Denver Schools to Stop Requiring English for Immigrants in New ‘Diversity’ Initiative

Policy will allow students to be 'free of oppressive systems and structures rooted in racism ... enabling students to ultimately become conscientious global citizens and collaborative leaders...'

(Headline USA) Denver Public Schools announced a new policy this week that will allow immigrant students to avoid learning English as part of the district’s efforts to promote “diversity” and “inclusion.”

A draft of the policy refers to the new policy as “language justice,” which it defines as “the notion of respecting every individual’s fundamental language rights—to be able to communicate, understand, and be understood in the language in which they prefer and feel most articulate and powerful.”

The district said it hopes the policy will allow its schools to be “free of oppressive systems and structures rooted in racism and one which centers students and team members with a focus on racial and educational equity, enabling students to ultimately become conscientious global citizens and collaborative leaders.”

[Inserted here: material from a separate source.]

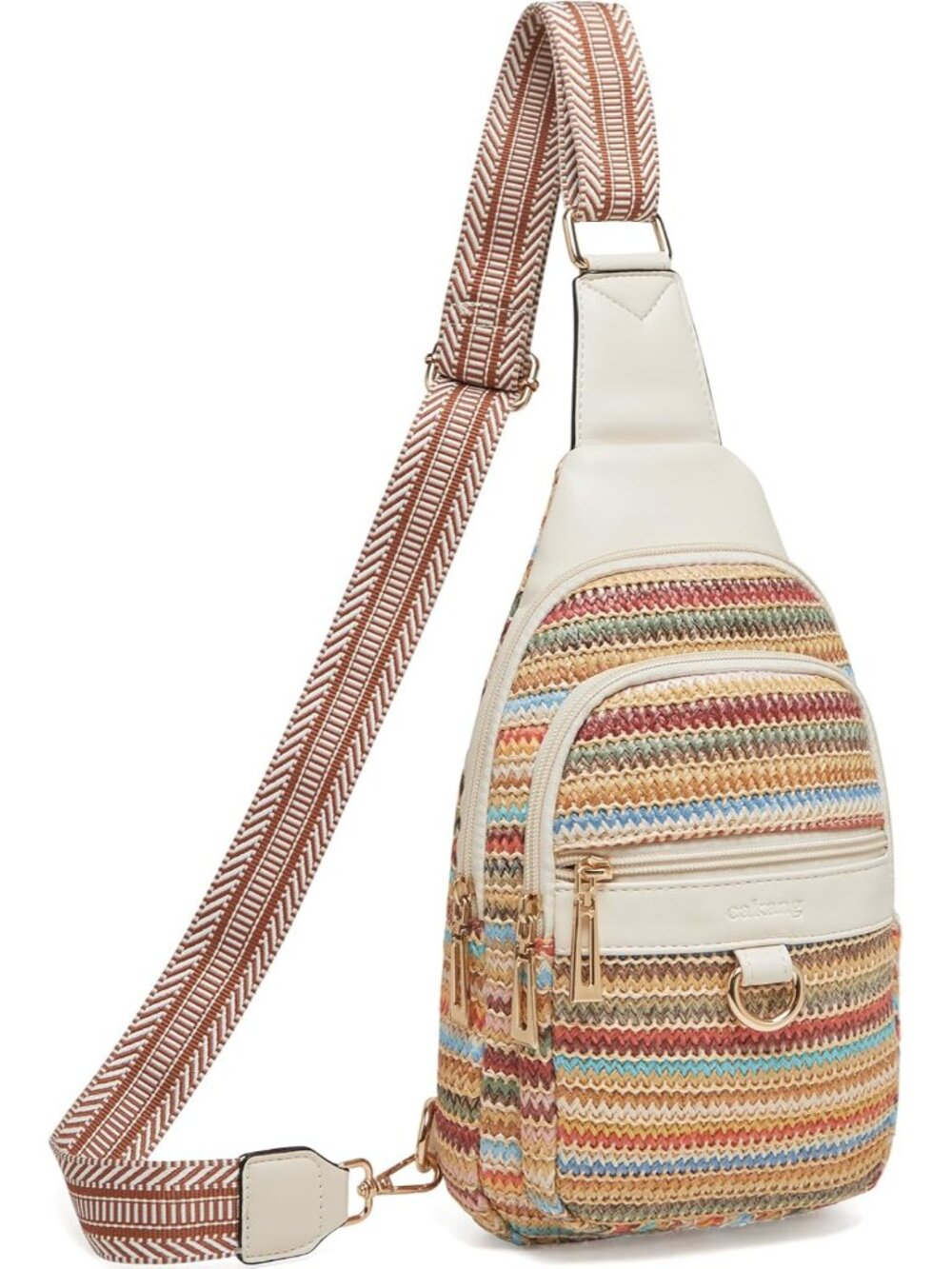 Womens Sling Bag Crossbody Bags for Women Vegan Leather Sling Backpack Daypack F - Picture 8 of 9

It went on to claim that DPS has a responsibility to “achieve equity” by “remov[ing] deeply rooted systems of oppression that have historically resulted in inequitable access and distribution of opportunities and resources for those who represent marginalized identities, including but not limited to race, socioeconomic status, ethnicity, gender identity, sexual orientation, language and ability.”

Rosa Guzman–Snyder, a co-founder of Community Language Cooperative—an organization working with the district to advance “language justice”—said the policy “is not just a matter of hiring more interpreters and translators but rather creating systems and building the infrastructure that best supports linguistically diverse families and supporting multilingual staff.”

The public school district has more than 40,000 students who are non-English-speakers, most of whom are immigrants, according to DPS.

Colorado Stand for Children, a leftist organization that helped draft the new policy, said its goal is to enact the policy in all public school districts statewide.

“We will continue to work with school leaders and staff to help provide knowledge of these policies and strategies to accomplish language justice in every classroom and school,” the group said on its website.